Postres, dulces, jarabes (arrope), infusiones, jugos (“añapa”) y bebidas alcohólicas, como cerveza y la antiquísima aloja, pueden ser fabricados a partir del algarrobo, y en esa tarea están Copley y Hernández con la perspectiva de generar un catálogo estable de opciones en el corto plazo, que permita incorporar estos sabores a la gastronomía de los Valles.

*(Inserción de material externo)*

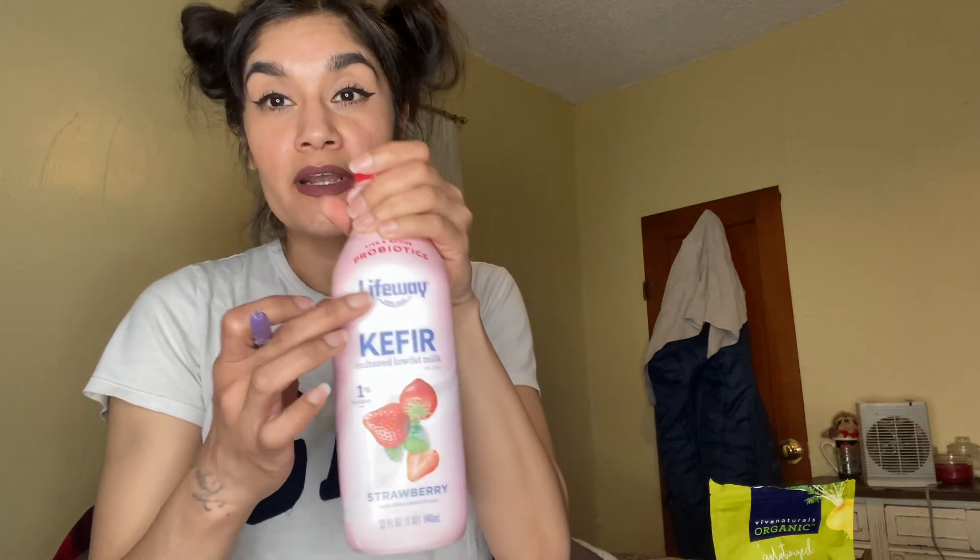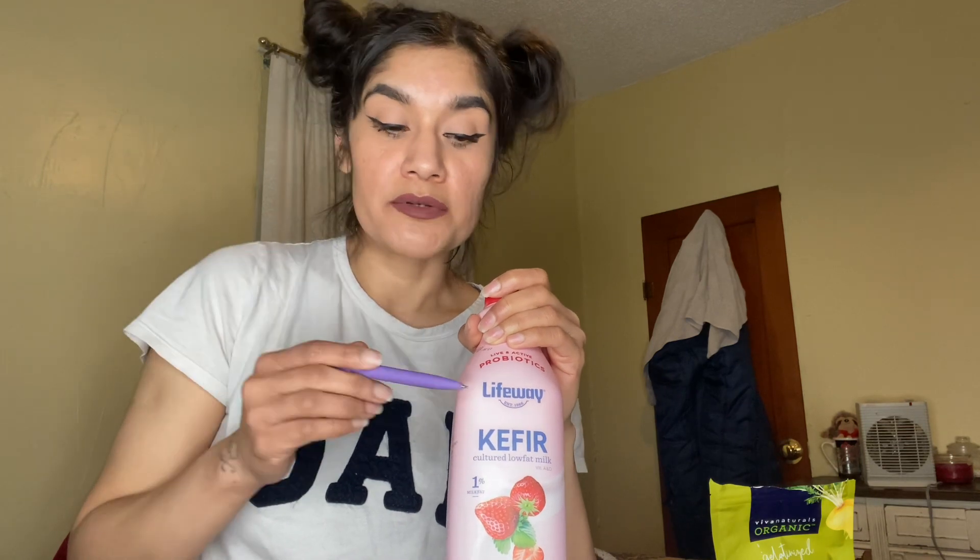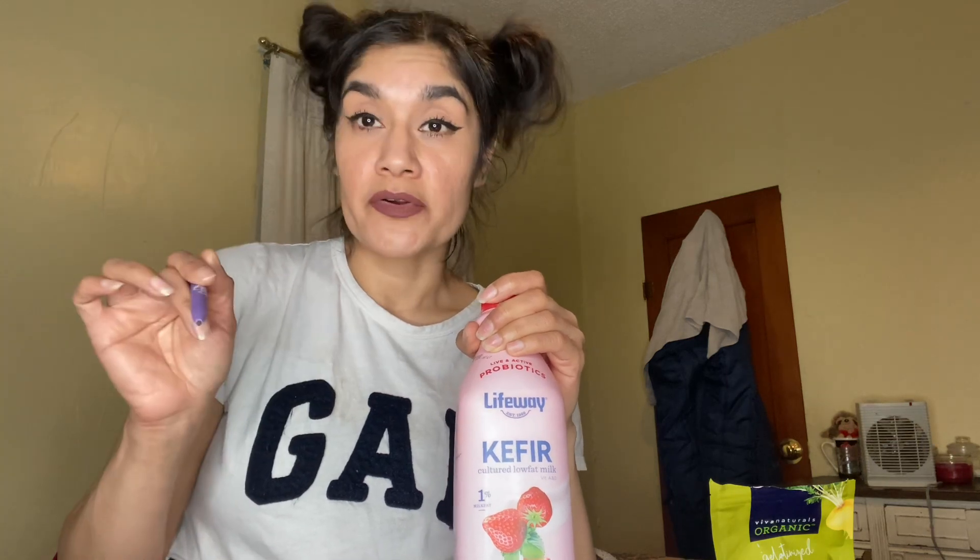I have been making kefir shakes every day — I consume a bottle of kefir a day. I use the Lifeway brand. I drink this one here, and I know a lot of people don't like the flavored ones. They have the strawberry, the blueberry, and the plain organic flavor. I use the original plain flavor and a lot of people recommend that, and I do use that one. I just get this one from time to time from Walmart because it's a little bit cheaper.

Sería esta una forma de reivindicar y de recuperar al que fuera el “pan” de las tribus que habitaban el Norte durante la llegada de los conquistadores europeos. Cuenta Paul Groussac en su obra excepcional de 1882, “Ensayo histórico sobre el Tucumán”, que los encomenderos, cuando se convencieron de que era imposible hallar metales preciosos, quisieron a la fuerza recargar a los indígenas extenuados y “hacer sudar a la tierra cantidades tales de frutos equivalentes a las minas del Perú”: “a pesar de existir desde principios del siglo XVII la ley que prohibía a los indios del Tucumán el servicio personal, los encomenderos les negaban hasta la mínima parte de las cosechas de granos que aquellos sacaban. Se les obligaba a recoger algarrobas para su único sustento y se puede decir que pacían en los montes como los animales”.